Required work –
In the copy, keep every line below as it is and leave out the pictures.

Recorded data –
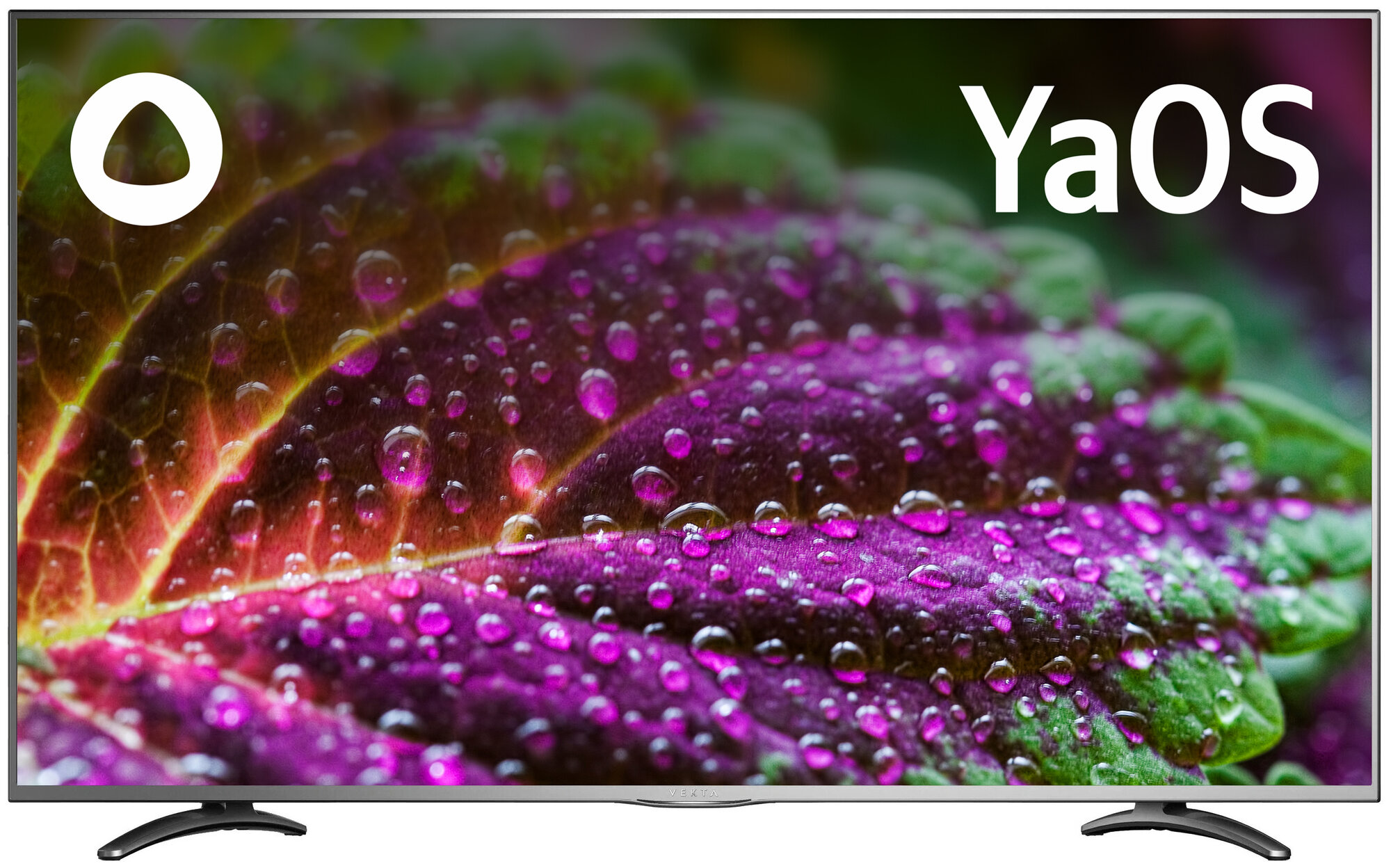 Телевизор VEKTA LD-55SU8921BS, хром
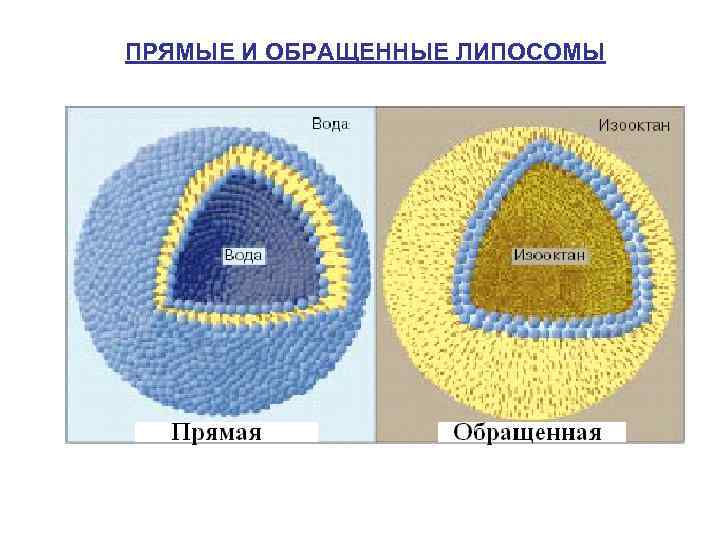 ПРЯМЫЕ И ОБРАЩЕННЫЕ ЛИПОСОМЫ 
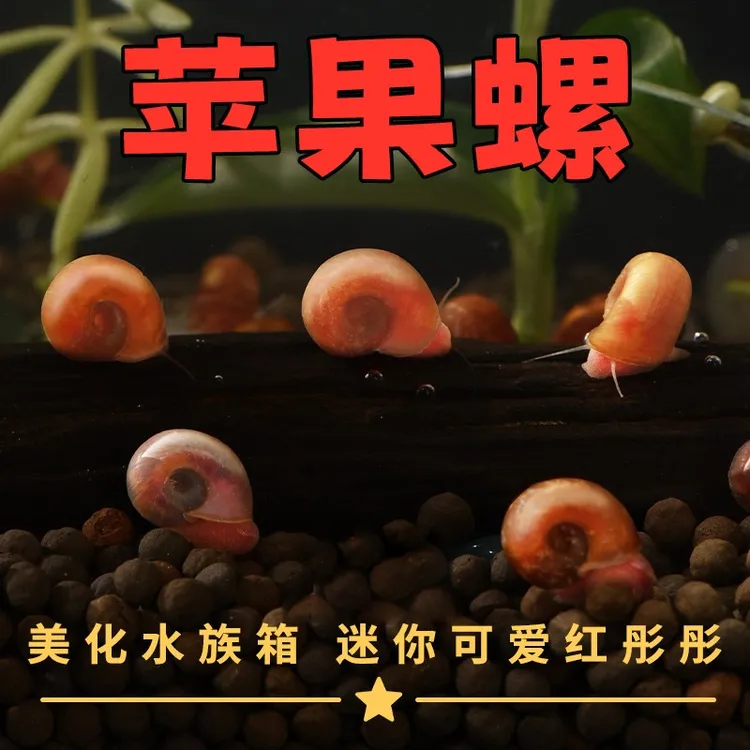 鱼缸清洁苹果螺超大号除藻观赏螺淡水草工具吃鱼粪便活体蜗牛乌龟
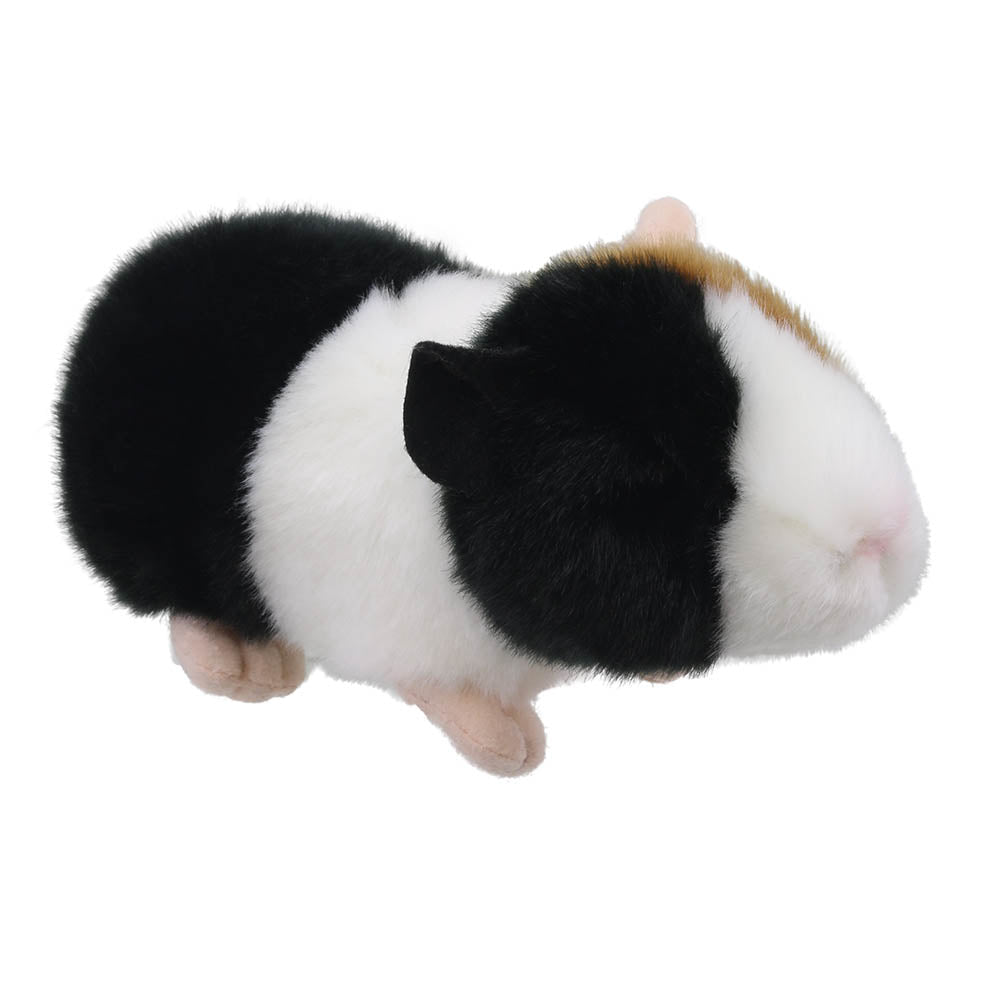 Mini Guinea Pig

Completed exercise –
 Телевизор VEKTA LD-55SU8921BS, хром
 ПРЯМЫЕ И ОБРАЩЕННЫЕ ЛИПОСОМЫ 
 鱼缸清洁苹果螺超大号除藻观赏螺淡水草工具吃鱼粪便活体蜗牛乌龟
 Mini Guinea Pig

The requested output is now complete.